Tank is ~100g, planted low tech, with big driftwood. Today I saw the operculum but still can't see the snail?

tankmates to these 2 snails are 5 goldies (2 common, 1 comet, 2 fantails) and 1 pleco.

Is it goodbye Gary-the-snail or the guy maybe somewhere there yet?

Thanks,


----------



## Ciddian (Mar 15, 2006)

Hi anna 

Its not usually a good sign.. But snails can usually survive with an under developed operculum. So you never know.

Any sign of the shells at all?


----------



## GintongIsda (Apr 27, 2009)

Hi Ciddian, 

I searched after reading your response  clean shell found -- the guy must have been a good escargot dinner for the pleco. Sigh!

One of the snails liked to spa -- hanging along the tank side with stone air bubbles, or riding along java fern leaves, having a good time -- not sure now if this is the surviving one. I see the surviving one hanging along a java fern and seems very happy and healthy.

Does pleco hunt for apple snail or could it be sick that the pleck just cleaned it? Or can goldies 2" tip to tip bother snails?

Thanks,


----------



## Ciddian (Mar 15, 2006)

awee thats a shame.. I am not sure what type of pleco you have but they don't usually do much harm. I had some apple snails in with a sailfin pleco and he didn't really mess with them.

Goldfish can nip at their long tasty looking antenna so sometimes they can't eat as well as they should, most of the time they learn to keep them tucked in and safe from passing fish.

Have you been feeding them as well?


----------



## GintongIsda (Apr 27, 2009)

Not really feeding them and don't know what & how to feed without the goldies eating the food. I thought they eat plant matter, algae and fish poops?


----------



## blossom112 (Mar 19, 2008)

I have these snails and just baught a mating group of them .
I find my endlers have killed 2 of them on me I really didnt think it possible but they did ,but now I keep them with just mated pairs of plecs as they are only concerned with mating lol
You may find some usefull tips here

http://www.applesnail.net/

I am still learning also!
sorry about your loss

I may have some for sale in the nex couple months , purple apple snails as well!!


----------



## GintongIsda (Apr 27, 2009)

Thanks, blossom112. Also for very good applesnail site. I thought we bought the snails only as clean-up crew but these guys are nice to see as well. Not as interactive as the goldies but lovable creatures just the same. If it was our spa guy, I think he had a good time of his life. Gave us good time while it last too.  
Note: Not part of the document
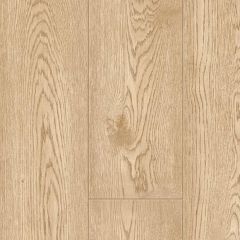 Ламинат Pergo (Перго) Uppsala Pro 8/33 Дуб Столярный (Oak Carpentry), L1249-08593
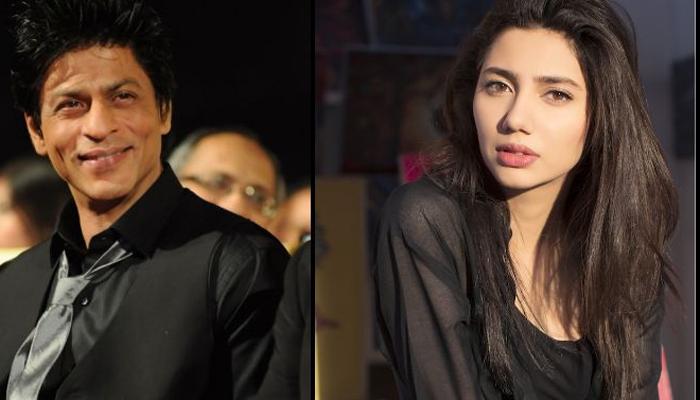 কিং খানকে ‘ওয়েলকাম’ করল না ভূজ কিং খানকে ‘ওয়েলকাম’ করল না ভূজ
Best wishes for your breeding snails and keep us posted when they get babies!


----------



## Ciddian (Mar 15, 2006)

It helps too if the water is cooler which I am sure is sorta with the goldies?

You could try french style green beans, or cucumber but yea.. Hard to feed with hungry goldfishies. 

I used to remove my big Cana snail and feed her in a bucket since my pleco was very territorial about his food. He'd punt the poor snail away. lol


----------